Clin Orthop Relat Res. 1993 Mar(288):270-6.
A seven-year postoperative evaluation of 54 patients with either osteoarthrosis or rheumatoid arthritis was conducted. Uncemented, posterior cruciate-retaining, pegged tibial implants produced clinical and roentgenographic results comparable to those seen with standard cemented total knee arthroplasty (TKA). Subsidence, however, seemed to be slightly increased in the uncemented group especially if there was incomplete coverage of the tibial plateau surface. The mere presence of subsidence was not correlated with any increase in pain, although the four implant failures in which the patients had painful loose prostheses all had some subsidence.
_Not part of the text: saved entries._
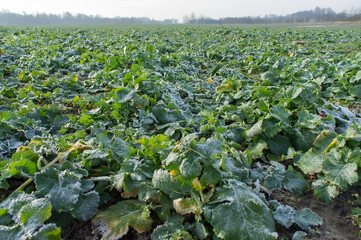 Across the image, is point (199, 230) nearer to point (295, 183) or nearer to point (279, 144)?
point (295, 183)

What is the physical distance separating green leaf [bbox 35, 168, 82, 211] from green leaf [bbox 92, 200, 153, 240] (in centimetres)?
25

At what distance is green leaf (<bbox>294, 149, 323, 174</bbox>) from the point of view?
2232mm

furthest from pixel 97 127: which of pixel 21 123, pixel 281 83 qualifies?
pixel 281 83

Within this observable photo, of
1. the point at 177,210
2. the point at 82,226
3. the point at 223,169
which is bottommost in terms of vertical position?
the point at 82,226

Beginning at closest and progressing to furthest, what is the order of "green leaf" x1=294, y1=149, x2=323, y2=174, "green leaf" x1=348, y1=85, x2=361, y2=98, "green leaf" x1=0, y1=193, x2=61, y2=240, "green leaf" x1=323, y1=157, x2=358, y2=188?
"green leaf" x1=0, y1=193, x2=61, y2=240 → "green leaf" x1=323, y1=157, x2=358, y2=188 → "green leaf" x1=294, y1=149, x2=323, y2=174 → "green leaf" x1=348, y1=85, x2=361, y2=98

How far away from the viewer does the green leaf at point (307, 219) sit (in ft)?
5.63

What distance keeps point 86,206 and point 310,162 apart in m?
2.07

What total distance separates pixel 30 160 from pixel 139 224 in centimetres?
105

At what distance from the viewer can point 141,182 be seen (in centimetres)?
178

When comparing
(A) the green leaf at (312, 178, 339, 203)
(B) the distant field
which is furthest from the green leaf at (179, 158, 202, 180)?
(A) the green leaf at (312, 178, 339, 203)

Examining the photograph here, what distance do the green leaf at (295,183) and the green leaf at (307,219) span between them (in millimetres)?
316

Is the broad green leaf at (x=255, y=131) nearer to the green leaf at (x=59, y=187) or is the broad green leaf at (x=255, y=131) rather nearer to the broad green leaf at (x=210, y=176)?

The cumulative survival rate at seven years was 92.3%, with four arthroplasty failures. Roentgenographic appearance of condensation about the pegs was not statistically correlated with the presence or absence of pain or subsidence. The roentgenographic appearance of opacification in the declivities of the undersurface of the component, however, was associated with a statistically significant decrease in the incidence of subsidence.
对54例骨关节炎或类风湿性关节炎患者进行了术后七年的评估。非骨水泥型、保留后交叉韧带、带桩胫骨假体产生的临床和影像学结果与标准骨水泥型全膝关节置换术(TKA)相当。然而,非骨水泥组的下沉似乎略有增加,特别是在胫骨平台表面覆盖不完全的情况下。单纯的下沉与疼痛增加无关,尽管在4例植入物失败病例中,患者有疼痛性假体松动,均有一定程度的下沉。七年的累积生存率为92.3%,有4例关节置换失败。桩周围的骨密度影在影像学上的表现与疼痛或下沉的有无无统计学相关性。然而,假体下表面凹陷处的不透光影像学表现与下沉发生率的显著降低相关。